China has launched a nationwide anti-spy crackdown on consulting firms, according to state media, as Beijing moves to tighten foreign access to sensitive information amid growing tensions with the US.
On orders from China’s central government, authorities carried out synchronized operations in cities including the financial powerhouses of Beijing, Shanghai, Shenzhen and Suzhou, a provincial TV channel in Jiangsu province reported Monday night. The state broadcaster didn’t say where it got the information or provide a timeframe for the raids.
State security officials in Suzhou, a city in the province that neighbors Shanghai, visited the local branch of Capvision, a consulting firm with headquarters in New York and Shanghai, the broadcaster said. Capvision employees were questioned and some items were searched and seized, according to the report, which didn’t identify whether other firms were also targeted.
Capvision said in a statement posted to its WeChat account on Monday evening that it will resolutely stick to national-security policies and take the lead to guide the healthy development of the consulting industry.
Investors operating in China are facing an increasingly challenging environment, despite Premier Li Qiang’s recent vow to establish a “broad space” for foreign companies in the nation. The government last month passed a vague new counter-espionage law that expanded the list of activities which could be considered spying, intensifying the risks for foreign firms.
US consultancies — often used by overseas investors and multinational companies to conduct due diligence and research in China — are particularly in the spotlight. In recent weeks, authorities have questioned staff at the China offices of US consultancy Bain & Company and targeted New York-based due-diligence enterprise Mintz Group.
“Foreign companies need to assess whether the work they’re doing in China might be viewed as supporting a hostile agenda,” said Gabriel Wildau, managing director at advisory firm Teneo Holdings LLC in New York. “Information that on its face doesn’t appear sensitive or relevant to national security might be viewed as such if it’s used in the context of providing advice in service of an anti-China or pro-decoupling agenda.”
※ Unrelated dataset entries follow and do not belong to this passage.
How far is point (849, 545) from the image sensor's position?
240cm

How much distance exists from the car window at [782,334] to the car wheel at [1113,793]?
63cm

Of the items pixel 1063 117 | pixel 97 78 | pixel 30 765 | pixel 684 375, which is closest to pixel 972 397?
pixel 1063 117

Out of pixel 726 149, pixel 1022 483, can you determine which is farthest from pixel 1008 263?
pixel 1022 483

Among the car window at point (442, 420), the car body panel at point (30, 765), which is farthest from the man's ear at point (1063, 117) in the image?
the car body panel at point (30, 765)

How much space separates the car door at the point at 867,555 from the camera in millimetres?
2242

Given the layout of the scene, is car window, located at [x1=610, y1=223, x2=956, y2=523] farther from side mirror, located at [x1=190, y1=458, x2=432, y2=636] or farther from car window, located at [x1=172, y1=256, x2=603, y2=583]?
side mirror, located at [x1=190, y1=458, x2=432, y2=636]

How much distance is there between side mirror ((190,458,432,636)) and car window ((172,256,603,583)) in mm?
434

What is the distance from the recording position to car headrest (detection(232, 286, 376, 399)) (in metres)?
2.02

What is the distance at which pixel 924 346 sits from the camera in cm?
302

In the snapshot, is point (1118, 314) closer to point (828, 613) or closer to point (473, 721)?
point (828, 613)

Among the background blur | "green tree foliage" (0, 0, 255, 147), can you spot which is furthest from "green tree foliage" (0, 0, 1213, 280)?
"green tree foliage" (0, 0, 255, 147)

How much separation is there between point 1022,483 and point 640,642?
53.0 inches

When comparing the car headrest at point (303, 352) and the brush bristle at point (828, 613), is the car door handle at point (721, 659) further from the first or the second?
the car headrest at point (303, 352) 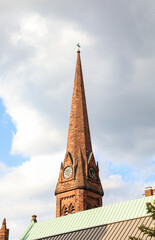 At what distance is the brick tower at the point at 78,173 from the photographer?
69688mm

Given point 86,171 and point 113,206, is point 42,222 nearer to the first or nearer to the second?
point 113,206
It’s not clear where the red lines are, so any work that sits in a gray area should probably be performed outside China, Wildau added. “My sense from the recent incidents is that Chinese staff and long-term expatriates are at greater risk than visiting executives,” he said.
State Secrets
The domestic consulting industry has exploded in recent years and spawned national security risks, the Jiangsu TV report said. Consultancy firms have illegally acquired sensitive data through frequent contact with government and defense sector employees with access to state secrets, it added, citing a police officer it didn’t identify.
“Some consulting and investigation agencies are one-sidedly pursuing the rapid growth of business scale, but ignoring possible national security risks,” the report said.
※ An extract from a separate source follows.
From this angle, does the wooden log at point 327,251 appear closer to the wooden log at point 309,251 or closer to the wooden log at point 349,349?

State broadcaster CCTV separately reported on Monday that some consulting firms, including Capvision, had ignored national security risks and deliberately “selected, lured and hoaxed experts and scholars in sensitive industries to provide internal information” involving secrets. By doing so, companies ended up becoming accomplices in spying on “state secrets and intelligence for foreign intelligence agencies,” the CCTV report said.
The consultancy crackdown is part of a broader move by Beijing to curtail access by overseas firms to Chinese data sources. That push is a response, in part, to a series of reports that alarmed officials written by US research institutions drawing on once publicly available or open-source materials, the Wall Street Journal reported this week, citing people with knowledge of the matter.
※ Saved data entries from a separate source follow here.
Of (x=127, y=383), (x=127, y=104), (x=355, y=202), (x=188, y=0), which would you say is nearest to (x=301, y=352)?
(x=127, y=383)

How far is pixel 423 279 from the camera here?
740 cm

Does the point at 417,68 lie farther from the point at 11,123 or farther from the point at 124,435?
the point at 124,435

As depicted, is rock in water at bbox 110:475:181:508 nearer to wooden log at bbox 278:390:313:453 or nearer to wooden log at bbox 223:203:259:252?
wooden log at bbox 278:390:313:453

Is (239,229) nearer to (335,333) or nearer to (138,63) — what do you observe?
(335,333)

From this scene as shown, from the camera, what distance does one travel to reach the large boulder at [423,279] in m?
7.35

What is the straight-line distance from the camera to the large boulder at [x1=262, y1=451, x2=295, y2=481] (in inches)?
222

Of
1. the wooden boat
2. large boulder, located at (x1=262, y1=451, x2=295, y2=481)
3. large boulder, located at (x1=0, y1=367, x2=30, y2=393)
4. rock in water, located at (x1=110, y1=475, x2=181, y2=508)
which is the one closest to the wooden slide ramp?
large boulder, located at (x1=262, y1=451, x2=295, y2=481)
Chinese services such as Wind Information Co. in recent months stopped providing detailed data on the nation’s companies to overseas clients. The Cyberspace Administration of China, the country’s powerful internet overseer, also notified data providers in March to restrict overseas access to sensitive information such as patents and statistics, the Journal reported, citing people who have consulted with Chinese authorities.
Registry databases at Qichacha and TianYanCha — companies that provide similar services — have also been inaccessible for some time to users outside mainland China, according to several people familiar with the matter.
--With assistance from Li Liu, Jacob Gu, Lucille Liu and Jon Herskovitz.